Golf in Sweden is neither public nor private. You may pay modest annual dues to a local course should you wish to have priority access to tee times and store your clubs, but that is the only barrier to entry. Anyone is welcome to make a tee time. Anyone with a golf ID, that is. To obtain your golf ID, you must register with the Swedish Golf Alliance and pass a series of playing tests. The first may be on a short course, like the one at Ljunghusens. You then graduate to the family tees on a full-length course, then finally to the front tees. Once you have the equivalent of a 36 handicap, you are free to play unaccompanied anywhere. All the while, you are learning pace of play, etiquette and basic rules. Think of it like a driver’s license for golf. It all amounts to a respectful, pleasant, fast-playing crowd with a high golf IQ. This is perhaps best reflected on the first tee at Ljunghusens after 4 p.m., when there are no tee times. Instead, there is a green metal spiral into which anyone can drop their golf ball. Once your ball has made it to the bottom, your group is up.
It’s 4:35 and our ball has landed. Isabel, her brother Alex and I step up. (Thankfully, no golf ID is required for prospective double-passport holders.) As I look down the first fairway of a gentle, flat, dogleg-right par 4, I have completely forgotten where I am in the world. There is a revetted-face pot bunker down the right, thick purple heather that the locals call ljung down the left and gorgeous sand pines guarding the green. If you dropped 100 Americans on that tee, I’d bet 99 would guess that they’re in the U.K. and the other one failed high school geography.

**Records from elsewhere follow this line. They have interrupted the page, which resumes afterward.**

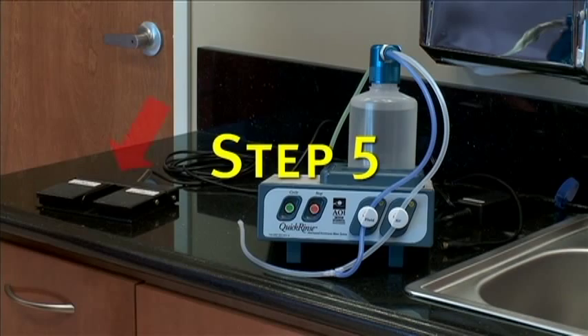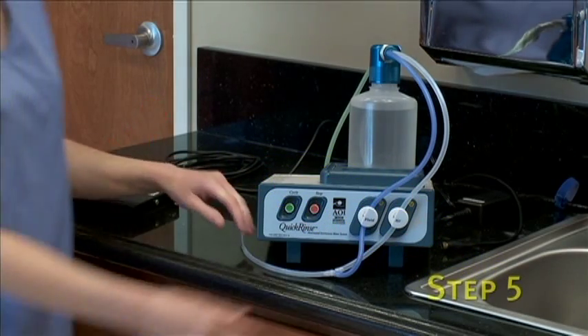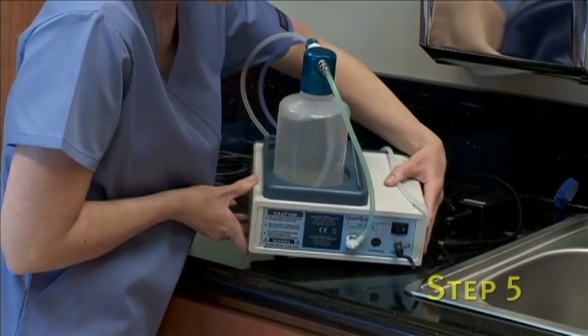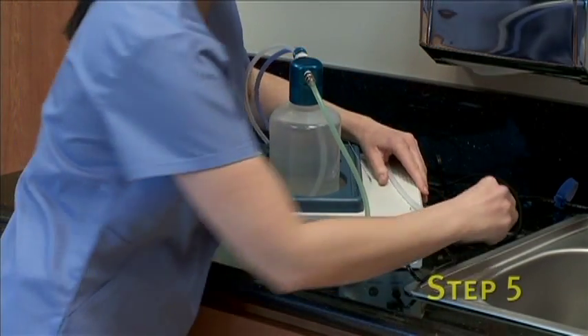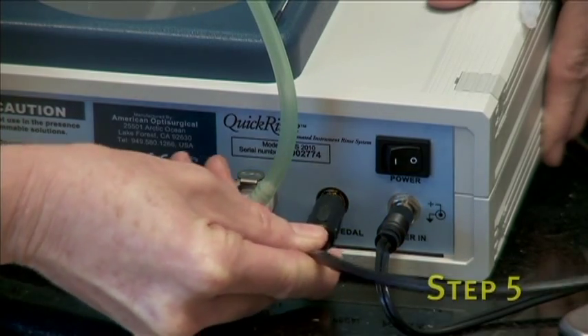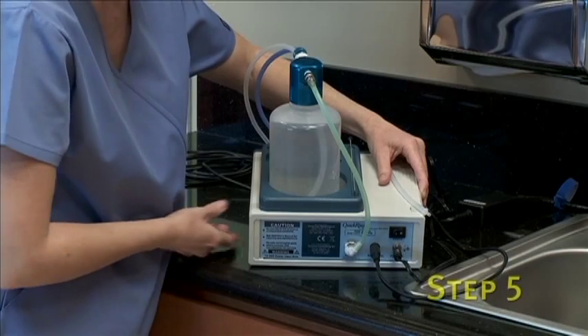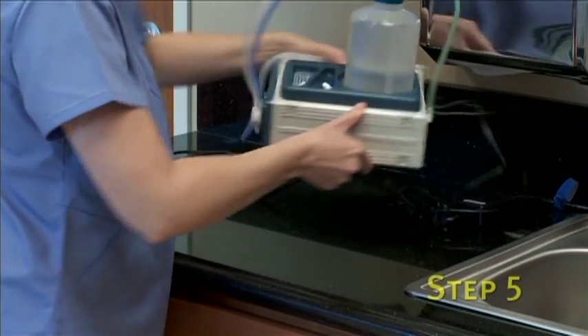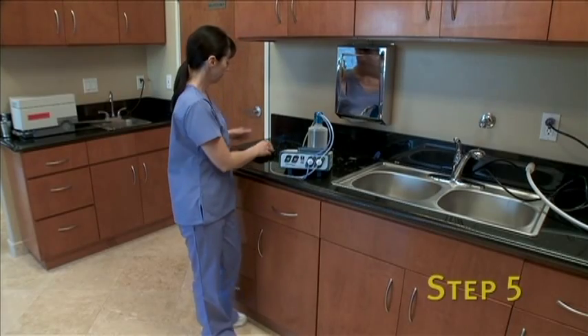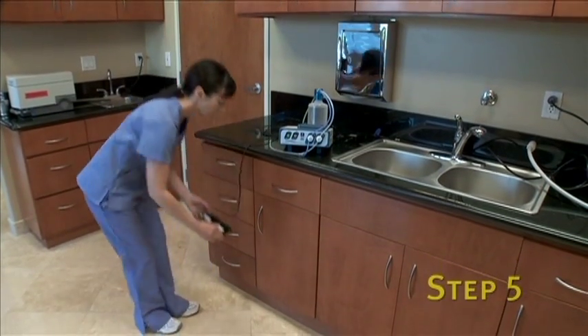Step 5 is for connection of the optional foot pedal. If you did not purchase the optional foot pedal, you may skip to Step 6. If you have purchased the optional foot pedal, take the foot pedal connector and plug it into the back of the Quick Rinse into the female connector labeled foot pedal. After connecting, place the foot pedal on the floor in a location which is convenient for use.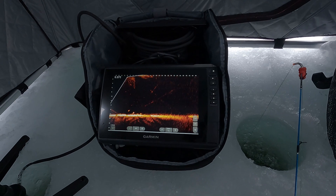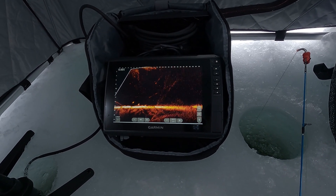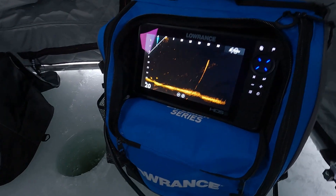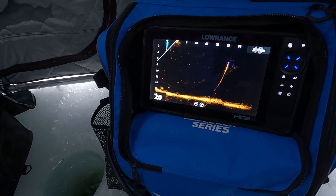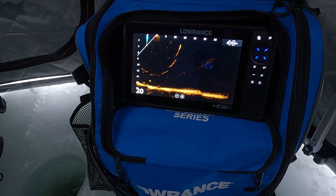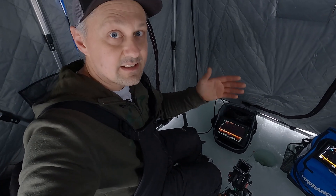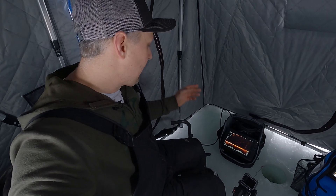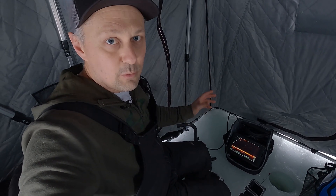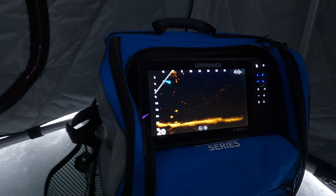So we've got a higher-end unit with the Lowrance, a better transducer mount with the Rytec, and the Garmin here is just their basic setup. Both units are running on the exact same lithium battery — a cheap 12V 16 amp-hour battery. The interference you're seeing on screen is just going to be the case for this video because we've got two units running at the same time. My complaints on Lowrance so far: the distance is not as good and there's more beam stitching than I'd like.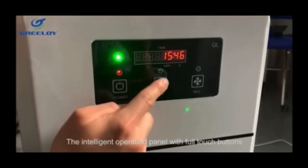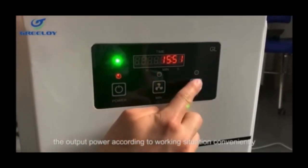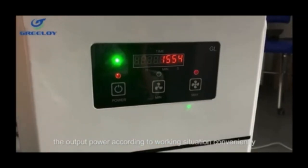The intelligent operation panel with full-touch buttons allows you to adjust the output power according to the working situation conveniently.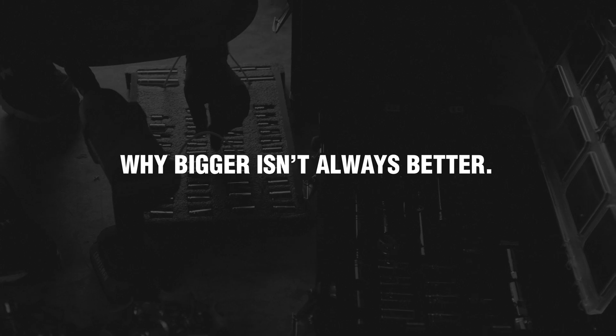Hi, I'm Chad, Engineering Manager at Super Springs International, and today we're discussing why bigger isn't always better. Is a bigger, stronger Sumo or Super Spring always a better option? And the answer to that is no.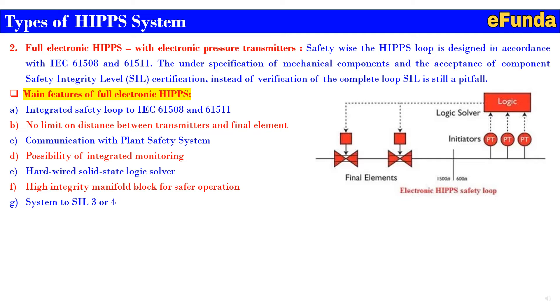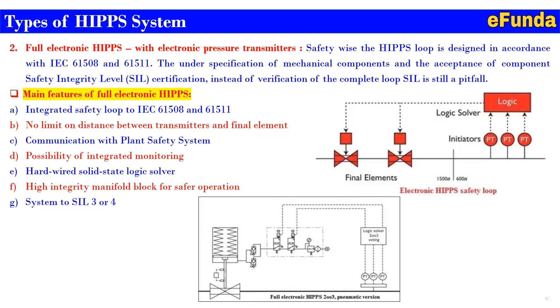The main features of a full electronic HIPS system are: A — integrated safety loop to IEC 61508 and 61511; B — no limit on the distance between transmitters and final element being an electronic system; C — communication with the plant safety system; D — possibility of integrated monitoring; E — hardware solid state logic solver; F — high integrity manifold block for safer operation; G — system to SIL 3 or 4. One can also see the picture where full electronic HIPS 2 out of 3 pneumatic version is shown, with initiator, logic solver, and final element with actuating devices.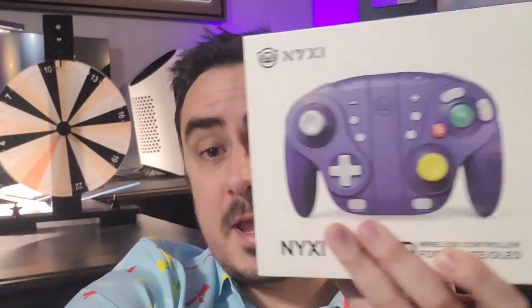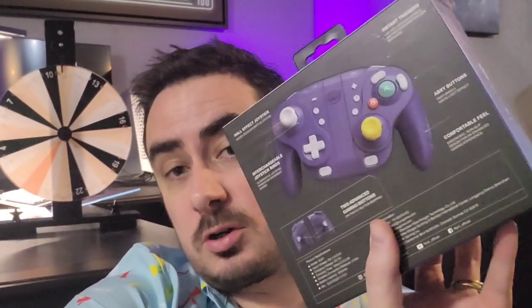What's up, guys? Mr. Alan C here, checking out a brand new Nintendo Switch controller by Nixie.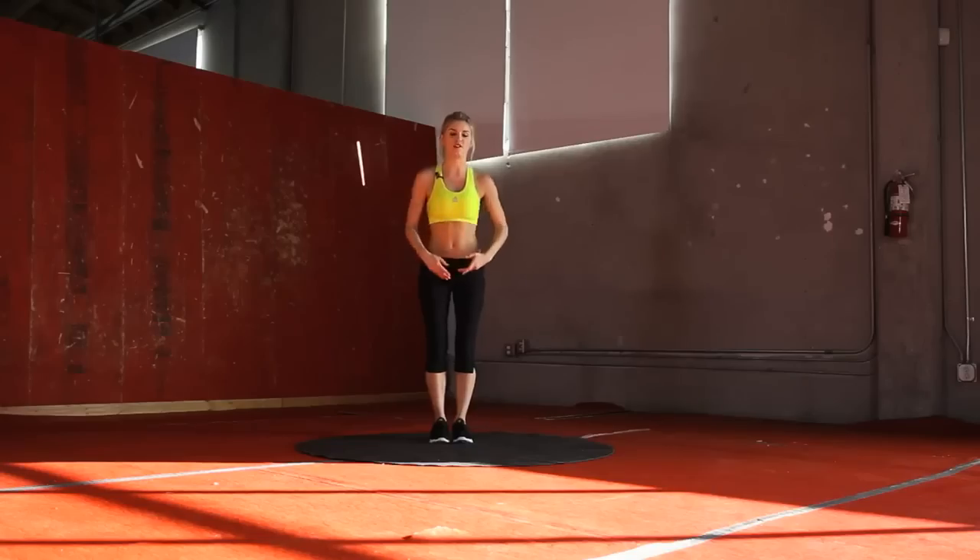Hey guys, I'm your trainer Rebecca Louise and today on X-Hit I'm going to be taking you through a kickboxing workout. So let's start by warming up. We're going to do 30 seconds of jumping jacks.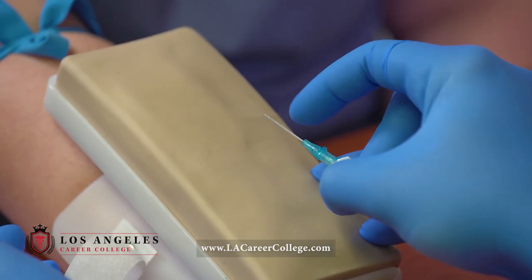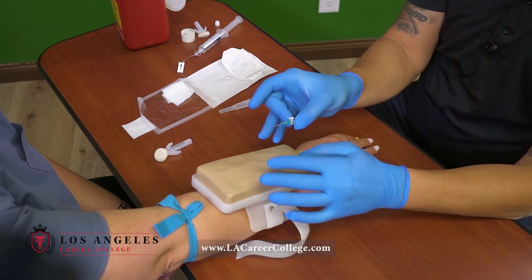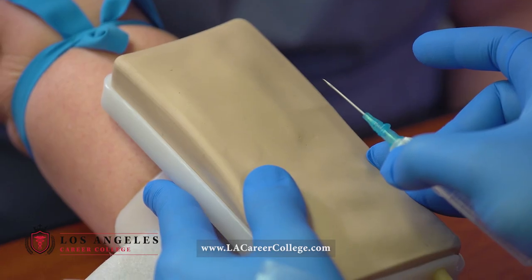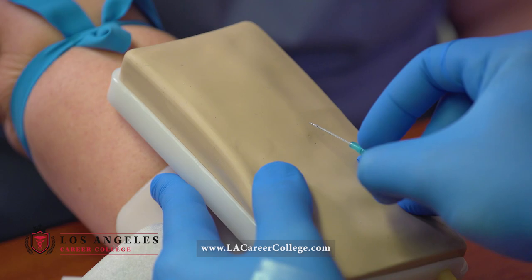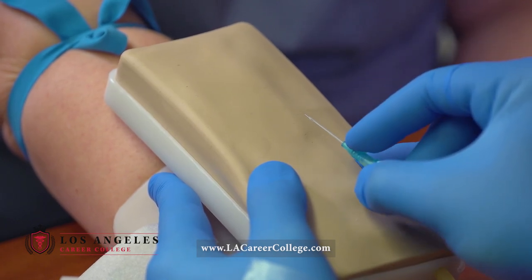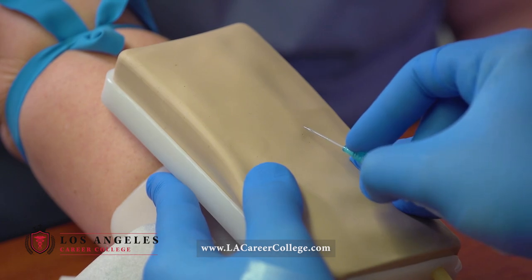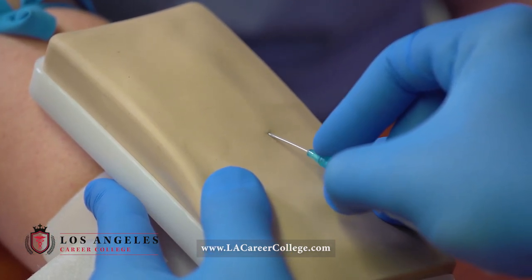Your index finger will go ahead and advance the catheter. Another key point to remember: do not move your non-dominant hand until you advance your catheter. As you're going in, bevel needs to be up. If it's a deeper vein, you're going to go about 30 to 35 degree angle. If it's a shallow vein, then you will go about 10 to 15 degree angle. For me, this is a deeper vein, so I will go about 30 to 35 degree angle. Do not move your non-dominant hand finger until you advance the catheter.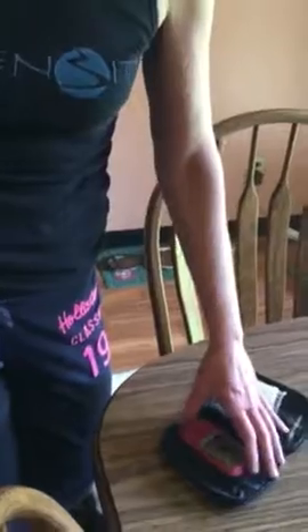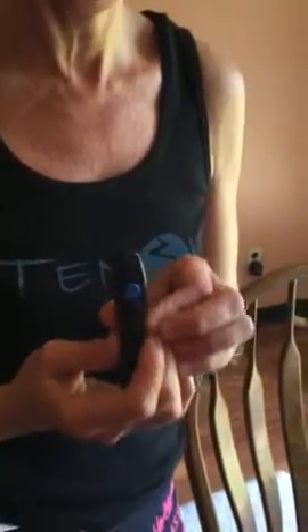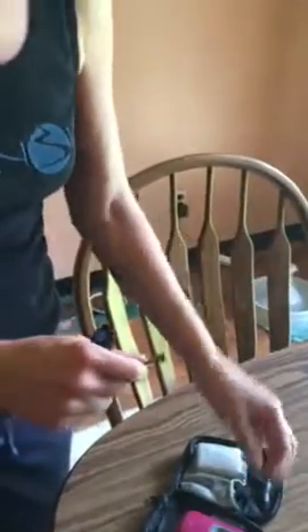I use the One Touch Delicate lancing device. I've never had any luck with the generic lancing device that comes with the ReliOn Confirm or the cheap ones you buy at Walmart. This is definitely worth the money, and I use 31-gauge lancets in it. You just take the cap off your lancing device.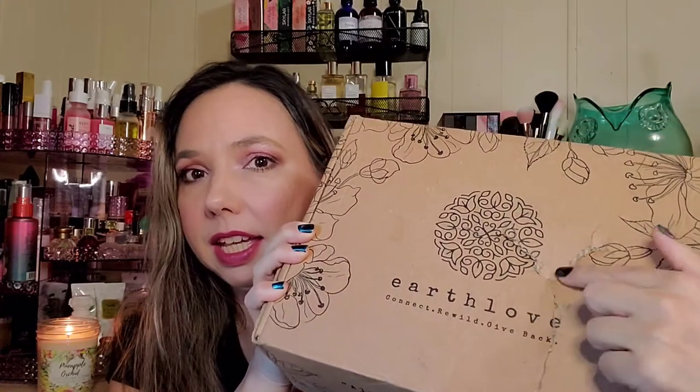Hi everyone, welcome! Thanks so much for stopping in. I'm Rena, and in today's boxes and deals I'm going to unbox my Earth Love Box. This is how it came in the mail, so hopefully everything inside is in good condition. I did already open it but I haven't opened it any further than this. I had started to film but my battery died, so take two — this is what it looks like inside.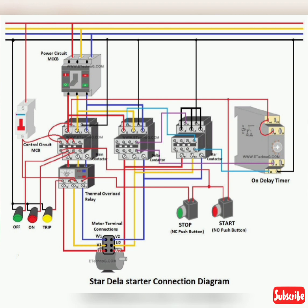Indication lamp connection. Step 1: Connect any one terminal of each lamp with the neutral as shown in the above figure. Step 2: Connect the yellow lamp to the NC terminal of the OLR as shown in the above figure. Step 3: Connect the green lamp to the NC terminal of the main contactor as shown in the above figure. Step 4: Connect the red lamp to the NO terminal of the main contactor as shown in the above figure.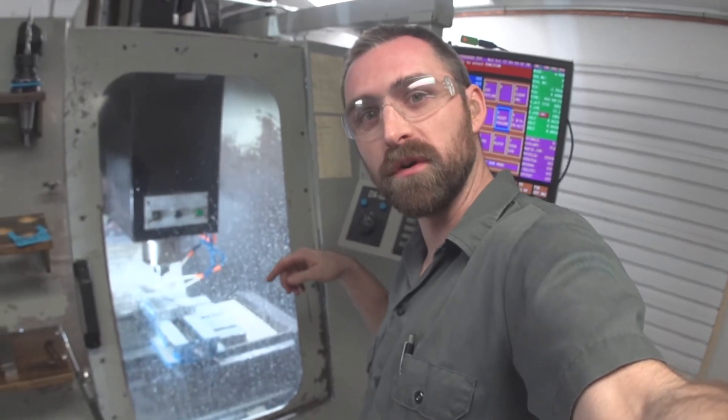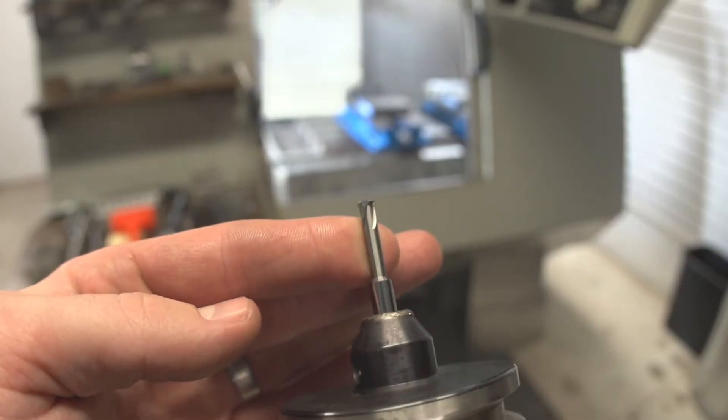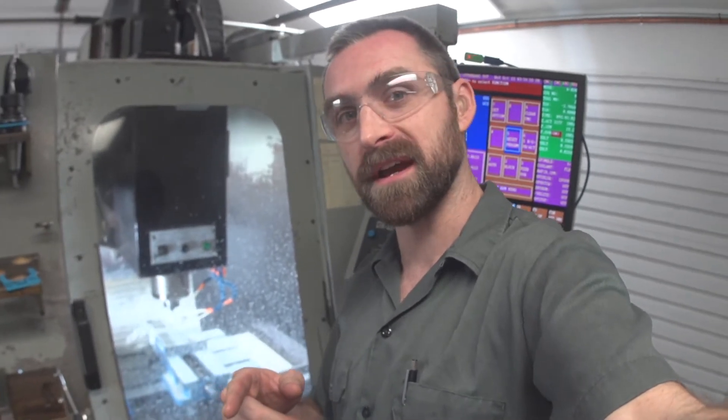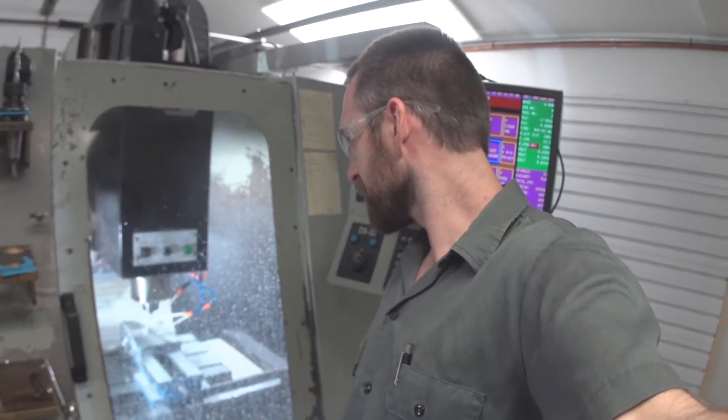This helical threading move that it's doing is definitely what I was most worried about — it's a tiny, delicate little tool. I've never milled titanium before; I've turned titanium on the lathe, but this is a new thing. But it sounds pretty good — I think it's working.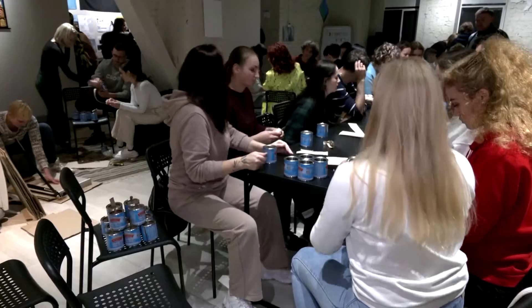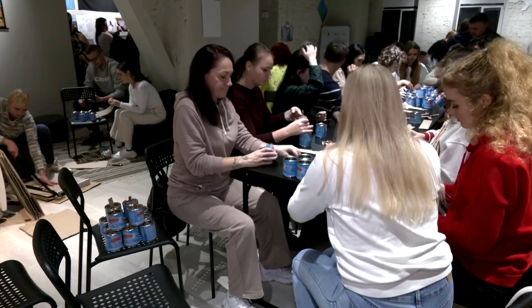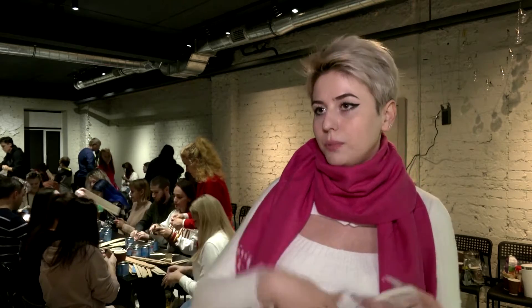It turned out that we had too many materials to spare, so we've been doing this for two months now and sent over 3,000 candles to the frontline. The candles can be used to dry up a trench, cook food, which is very important, boil some water and warm up. These cans come with a cover, so you can close them, throw them into boiling water, boil and put them under your coat. You can do this many times.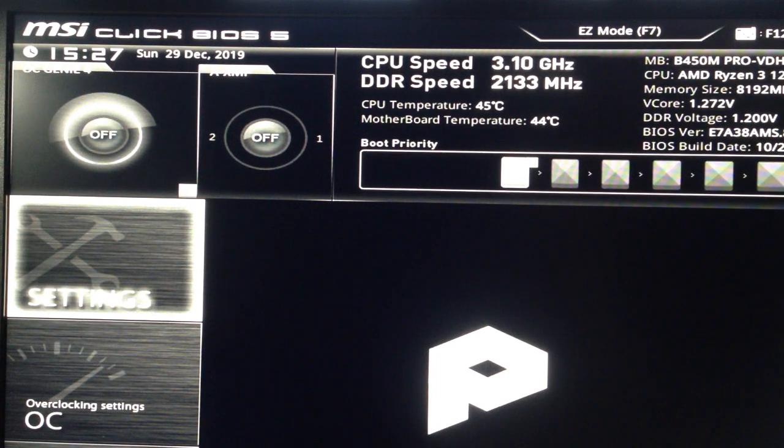Here we have the BIOS for an MSI motherboard. I'm using a Ryzen 3 1200 — as you can see in the right corner, it's a Ryzen 3 1200 quad-core processor — and I'll show you how to use OC Genie 4 from BIOS.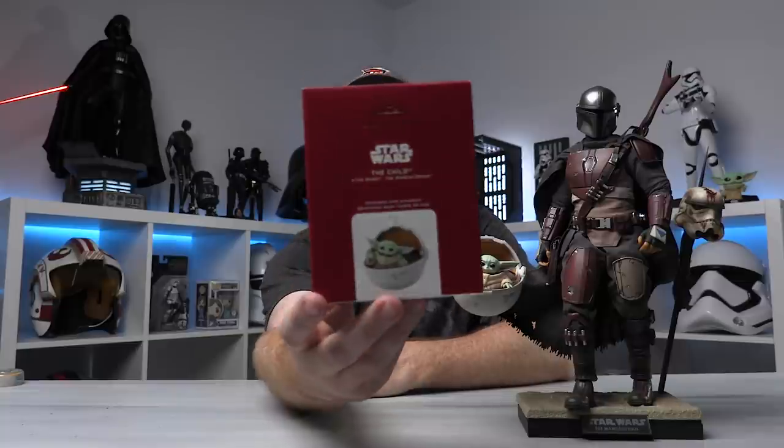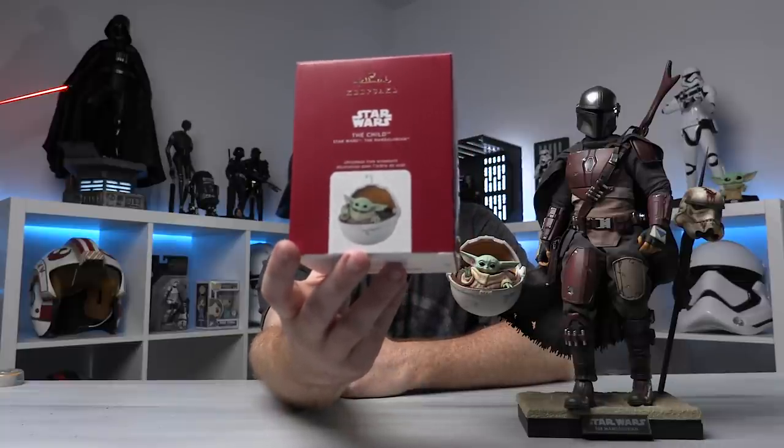A viewer messaged me on Instagram the other day and said, 'Hey, have you seen this?' And I said, 'No, but I kind of want it.' They said they found this thing at Hallmark. This is not a Hot Toys piece, it's not Hasbro — this is a Hallmark Christmas ornament. This is what the box looks like. It's about $20. You can go pick it up, but they're sold out online. I went to Hallmark today and they had three of these sitting on the shelf, so I picked one up.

I was transported to the common-land courses of England on the third tee when a group of free-grazing cows came over to say hello. Each hole after that blew my mind; there were features from Kittansett, Kiawah and Bandon. Other holes reminded me of Royal St. George’s and Sunningdale. But none of those courses have the Baltic Sea and Denmark staring back at them, and none of them have meatballs, lingonberry, pickled cucumbers and an ice-cold Staropramen waiting back at the clubhouse.
To this day, I’ve known my wife to break only two promises. And I’m so happy she did. As any married person will tell you, you don’t just wed a partner; you marry their history, their culture, their entire way of being. For me, that includes a language I don’t understand, a frightening but tenderhearted Viking father-in-law and post-meatball abdominal pain, because they are the greatest thing I’ve ever tasted. I’m still not sure about pickled herring, but you can bet your last buffalo wing that I’m getting a golf ID.
The local rumor of ancient membership ties between Falsterbo and Royal County Down is unsubstantiated, but the U.K. influence here is undoubtable. Revetted-face bunkers are numerous in this part of the world and just as penal as their British and Irish brethren.
The scenery along Nos. 19 through 27 at Ljunghusens could be the envy of almost any other course on the planet. But while many of those jaw-dropping clubs stay private, Ljunghusens offers tee options for all manner of players that continue to make golf a Swedish family tradition.